━━ Recorded information ━━

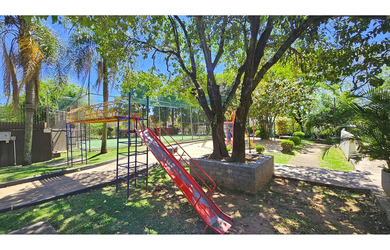 Imagem 10: 2 dormitórios na Rua Francisco Petuco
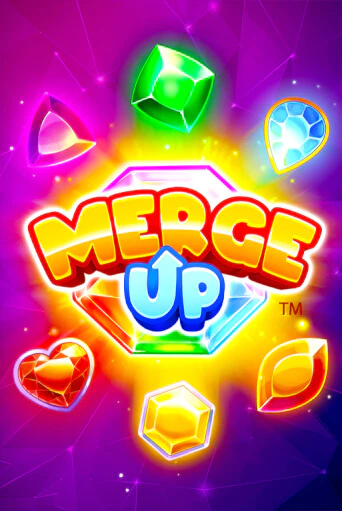 Демо версия Merge Up от BGaming | Чемпион Слотс 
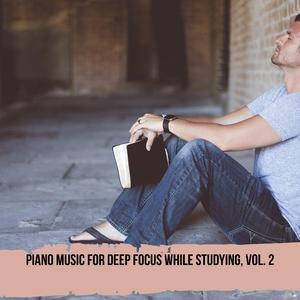 The Romanticism of Soul (Solo Piano in B Major)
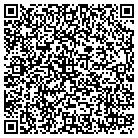 QR code with Hospitality Solutions Corp contacts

━━━

> **Activity**: Copy out each line of the data exactly as it reads; skip the pictures.

> **Answer box**:
 Imagem 10: 2 dormitórios na Rua Francisco Petuco
 Демо версия Merge Up от BGaming | Чемпион Слотс 
 The Romanticism of Soul (Solo Piano in B Major)
 QR code with Hospitality Solutions Corp contacts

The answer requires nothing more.